Commentaries:
The picture here is of a slave being purchased from the horrible system of slavery. Redemption implies the buying back of something or the paying of a ransom. Paul's illustration is that we have been bought from slavery to sin. Up to the point of redemption, our lives have been the lives of slaves.
What we have received is the most expensive gift that has ever been given to purchase mere slaves. We have been bought with a price—the very life of the Creator. Paul is undoubtedly using this illustration to emphasize to us that, because we have been purchased, we are under obligation to the One who purchased us. As he writes, "Therefore glorify God in your body and in your spirit, which are God's." In other words, he is imploring us to become holy.
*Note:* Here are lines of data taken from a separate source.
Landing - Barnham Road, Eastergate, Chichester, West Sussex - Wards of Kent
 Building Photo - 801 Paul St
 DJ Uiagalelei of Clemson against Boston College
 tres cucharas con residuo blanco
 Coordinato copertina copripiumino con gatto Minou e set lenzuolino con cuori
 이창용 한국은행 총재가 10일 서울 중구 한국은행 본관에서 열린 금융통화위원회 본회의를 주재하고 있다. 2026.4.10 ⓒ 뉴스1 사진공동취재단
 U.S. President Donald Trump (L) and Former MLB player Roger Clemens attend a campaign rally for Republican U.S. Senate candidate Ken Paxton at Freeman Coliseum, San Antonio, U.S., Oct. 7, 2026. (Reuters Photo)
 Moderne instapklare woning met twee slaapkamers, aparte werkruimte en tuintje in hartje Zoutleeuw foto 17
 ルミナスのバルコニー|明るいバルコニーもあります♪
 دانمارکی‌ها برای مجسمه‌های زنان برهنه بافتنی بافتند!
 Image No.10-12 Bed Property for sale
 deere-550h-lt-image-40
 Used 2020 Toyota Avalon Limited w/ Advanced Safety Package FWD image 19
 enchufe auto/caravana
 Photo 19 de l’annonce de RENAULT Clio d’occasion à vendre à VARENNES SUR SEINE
This is our moral responsibility as purchased slaves.
John W. Ritenbaugh
The Awesome Cost of Salvation
Adultery creates a second one-body/one-flesh bond in opposition to the marriage. This will inflict severe damage upon the marriage relationship. The apostle says such sexual sins hurt so much because they are "sins against [our] own body" (verse 18).
Paul comes to his primary point in verses 19-20: We are not our own! God bought us at an incredibly high cost, the blood of our Master, and thus He commands us to "glorify God in your body and in your spirit," both of which are His! God owns us completely!
The import of this is staggering! When we commit sex sins—even in our minds—we have first become unfaithful to God! When we break the seventh commandment, we show infidelity to God! Yes, it shows infidelity to the wronged spouse, but it all beginswith unfaithfulness to God.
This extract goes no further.